In fact, there's only one thing missing: Life.
Asphalt, Concrete And Memories Loaded Up And Carried Away
SUMMERVILLE – The grandstands have been demolished or relocated, the asphalt surface has been broken up and removed, the buildings have been reduced to jagged piles of metal and concrete. All that remains of Summerville Speedway are earthen mounds where the banked corners once were, and a scoreboard looming over what used to be the second turn.
Soon they'll be gone as well, part of the process of turning the former racetrack into a suburban housing development. The place where Lowcountry drivers visited victory lane every Saturday night for 39 years, which ran under a NASCAR sanction for two decades and once attracted greats like Dale Earnhardt and Davey Allison for exhibition events, is now a demolition zone.
On a recent afternoon, a backhoe scooped up debris from what used to be the track's infield and dumped it into a nearby container. Trucks bumped over a rocky path between this construction site and an adjacent one across Central Avenue. Everywhere there were piles of debris smashed cinder block, fencing and other things too mangled to identify. The only engines heard now are those powering construction equipment.
James Island driver Raef Judd, who won the track's final Late Model championship last October, recently received an e-mail containing a photo of the demolished speedway where he and his father each competed for so many years.
"To be completely honest with you, it nauseated me," he said. "I didn't go and cover my head and cry or anything, but I did sit on the bed and reflect back to when I was 6 or 7 years old, watching my daddy race there and winning the championship and what a great thing that was. It's all gone now. It's sickening."
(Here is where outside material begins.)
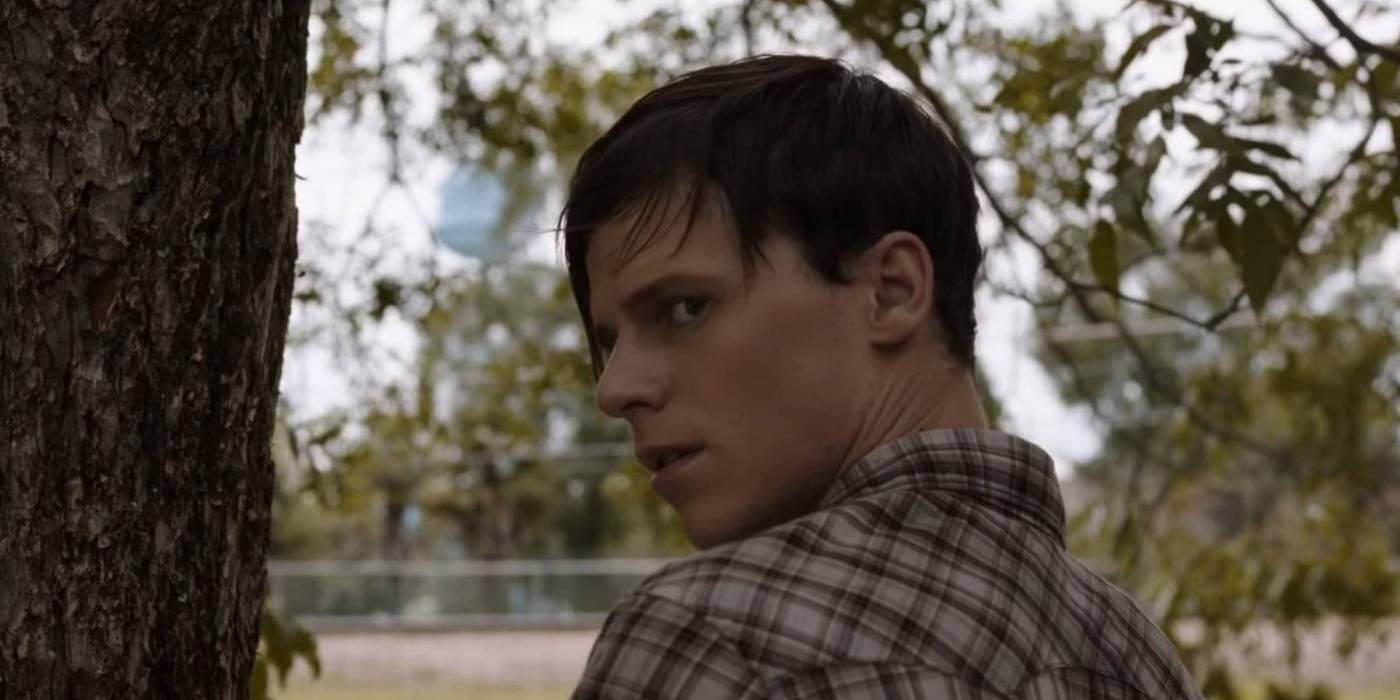 Руари О'Коннор в роли Арни Джонсон, оглядывающийся в фильме "The Conjuring: The Devil Made Me Do It"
Charlie Powell has a hard time seeing it, too. The track's former operator sold the land to the Landcraft development company, closing a once-flourishing speedway that in recent years had struggled to draw fans and drivers, and couldn't compete with newer, publicly funded sports facilities in the Charleston area.
Before demolition began in early May, Powell moved some items such as newer grandstand seats, lights, and the public address system to another track he runs in Florence. One time when he and his wife Zonda visited the site, all that remained was the three-story scoring tower, its windows broken by vandals. He hasn't been back in about two weeks.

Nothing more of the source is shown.